Everything from the line containing "Trumpet/Mermaid Off-The-Shoulder Satin/Tulle" through the end of the entries below must be set down exactly, and nothing else.
--- Study material ---
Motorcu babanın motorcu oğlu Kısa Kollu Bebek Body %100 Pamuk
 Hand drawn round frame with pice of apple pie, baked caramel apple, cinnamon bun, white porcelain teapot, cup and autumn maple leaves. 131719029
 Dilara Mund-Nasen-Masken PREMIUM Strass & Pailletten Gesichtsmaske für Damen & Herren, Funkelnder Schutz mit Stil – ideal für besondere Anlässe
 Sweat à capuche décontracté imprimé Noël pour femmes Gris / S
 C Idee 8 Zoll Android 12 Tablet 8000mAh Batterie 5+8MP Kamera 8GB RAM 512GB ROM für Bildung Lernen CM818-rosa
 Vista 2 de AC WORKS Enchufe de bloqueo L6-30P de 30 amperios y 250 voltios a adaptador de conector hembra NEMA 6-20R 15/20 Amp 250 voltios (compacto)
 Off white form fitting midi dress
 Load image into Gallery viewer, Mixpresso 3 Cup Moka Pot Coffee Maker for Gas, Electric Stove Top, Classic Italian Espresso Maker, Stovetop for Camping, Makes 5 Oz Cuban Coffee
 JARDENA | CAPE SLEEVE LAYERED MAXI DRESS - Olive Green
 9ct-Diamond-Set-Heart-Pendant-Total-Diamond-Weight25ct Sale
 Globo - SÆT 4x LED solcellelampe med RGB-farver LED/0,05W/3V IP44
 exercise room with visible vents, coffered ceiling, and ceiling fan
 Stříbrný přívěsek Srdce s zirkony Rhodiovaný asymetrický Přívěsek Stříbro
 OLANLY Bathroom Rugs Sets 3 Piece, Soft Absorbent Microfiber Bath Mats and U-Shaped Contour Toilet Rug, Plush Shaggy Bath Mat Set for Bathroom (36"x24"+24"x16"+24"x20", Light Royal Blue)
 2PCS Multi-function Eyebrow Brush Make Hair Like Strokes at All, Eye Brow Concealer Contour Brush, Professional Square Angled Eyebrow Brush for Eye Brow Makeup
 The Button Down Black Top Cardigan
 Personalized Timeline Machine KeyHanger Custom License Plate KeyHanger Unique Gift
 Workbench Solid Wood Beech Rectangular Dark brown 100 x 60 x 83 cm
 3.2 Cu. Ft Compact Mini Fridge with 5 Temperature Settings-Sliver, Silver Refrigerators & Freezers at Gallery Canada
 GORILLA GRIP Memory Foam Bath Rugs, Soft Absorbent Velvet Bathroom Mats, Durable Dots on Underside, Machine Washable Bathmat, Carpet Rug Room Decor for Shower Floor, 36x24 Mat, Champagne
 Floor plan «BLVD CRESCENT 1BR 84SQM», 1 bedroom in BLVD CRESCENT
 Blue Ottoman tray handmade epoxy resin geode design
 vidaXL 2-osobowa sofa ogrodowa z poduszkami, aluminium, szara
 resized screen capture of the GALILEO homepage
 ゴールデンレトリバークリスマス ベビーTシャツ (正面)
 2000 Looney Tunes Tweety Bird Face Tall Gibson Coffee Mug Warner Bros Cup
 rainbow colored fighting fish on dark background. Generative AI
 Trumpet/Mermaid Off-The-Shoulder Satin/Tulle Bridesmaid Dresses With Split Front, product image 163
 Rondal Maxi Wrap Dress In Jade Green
---
* _Answer box_:
 Trumpet/Mermaid Off-The-Shoulder Satin/Tulle Bridesmaid Dresses With Split Front, product image 163
 Rondal Maxi Wrap Dress In Jade Green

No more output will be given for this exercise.